Come consuetudine i militari sostavano in fila davanti alle vetrine sfondate in attesa del loro turno. A volte erano presenti anche dei civili in paziente attesa di ricevere quanto restava nei pentoloni, dopo l’avvenuta distribuzione alla truppa.

Improvvisamente il brusio che ci perveniva dalla strada fu soverchiato da un forte boato e all’interno del locale fummo investiti da una notevole spostamento d’aria. Capimmo subito che una granata doveva essere scoppiata piuttosto vicina. Dopo un primo attimo di timore tutti e tre ci precipitammo all’ingresso e, affacciandoci sulla soglia, fummo colpiti dalla vista di diversi corpi umani che di fronte alla mensa, in un mare di sangue, giacevano immobili o si agitavano con alti lamenti. Una granata era esplosa in mezzo ai militari in attesa........

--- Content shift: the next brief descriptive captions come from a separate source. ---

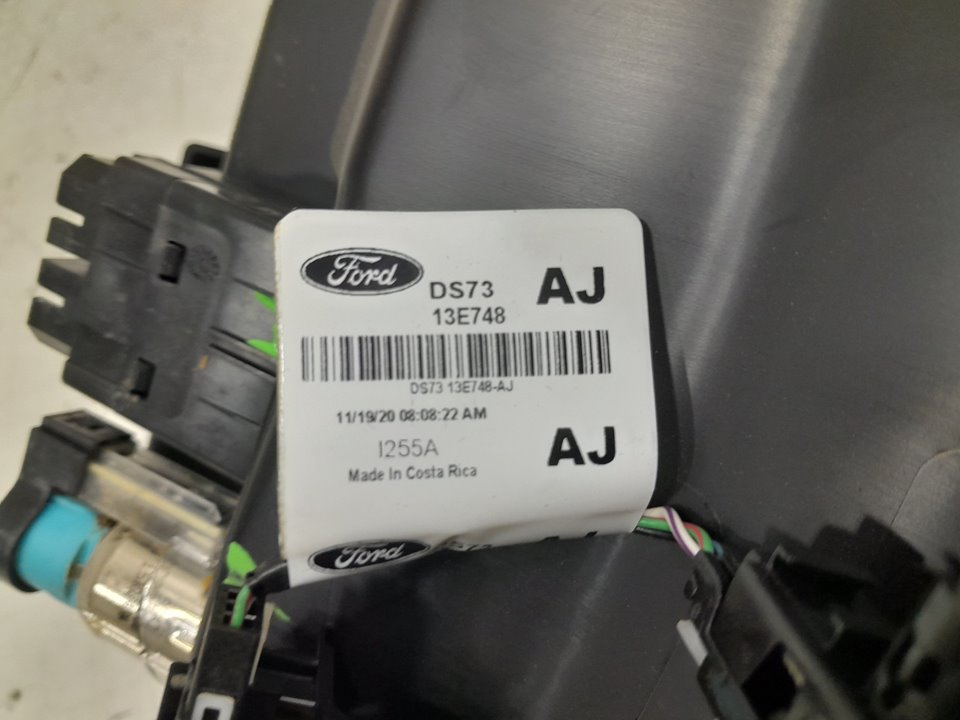 Cargador usb consola central ford mondeo lim. hybrid stlin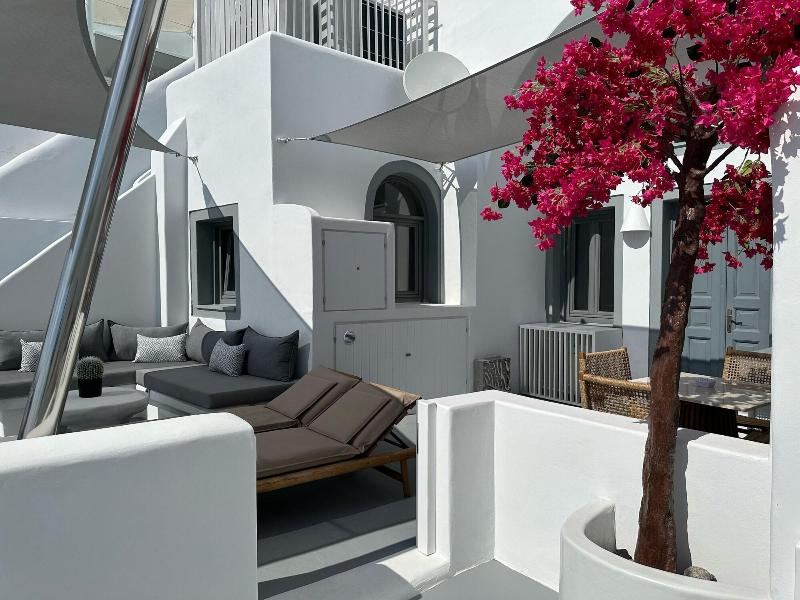 Dagaz Suites image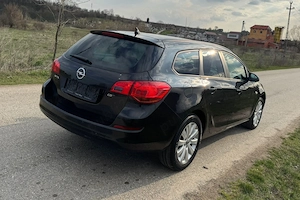 Oferta!!! Opel Astra J 1.7CDTI Euro 5 Clima Navigație Xenon Import Germania - imagine 3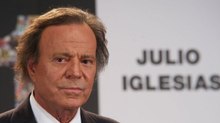 Fiscalía española archiva investigación contra Julio Iglesias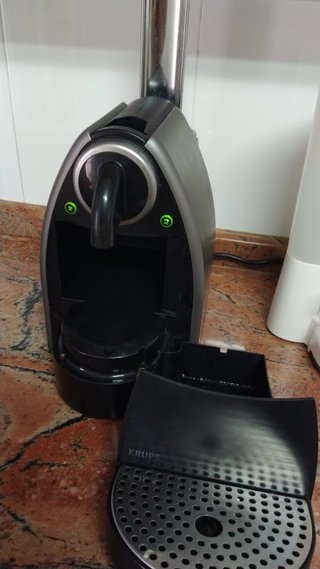 OCASIÓN CAFETERA NESPRESSO AUTOMÁTICA KRUPS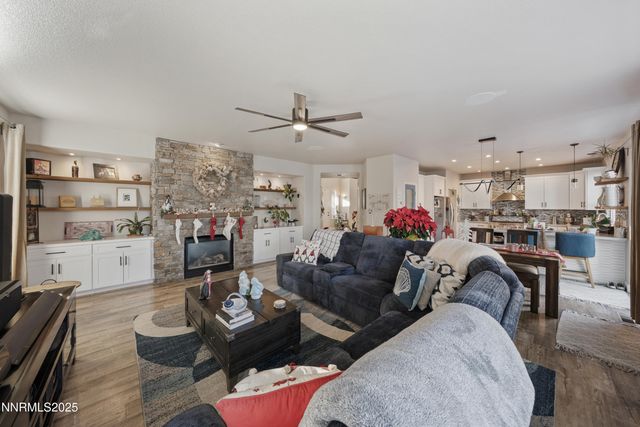 6790 Talmedge Circle, Sparks, NV 89436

Quell’ anonimo e unico colpo di granata, partito da un cannone posizionato sul contrafforte  della Vena del Gesso, aveva fatto una strage.
Morirono all’istante sedici soldati e una donna con il nipotino, colpiti mentre stavano prendendo acqua alla fontana. In seguito altri dieci militari morirono negli ospedali di Marradi e Firenze. (tratto da Storia minima di un balilla mancato di Domenico Alvisi)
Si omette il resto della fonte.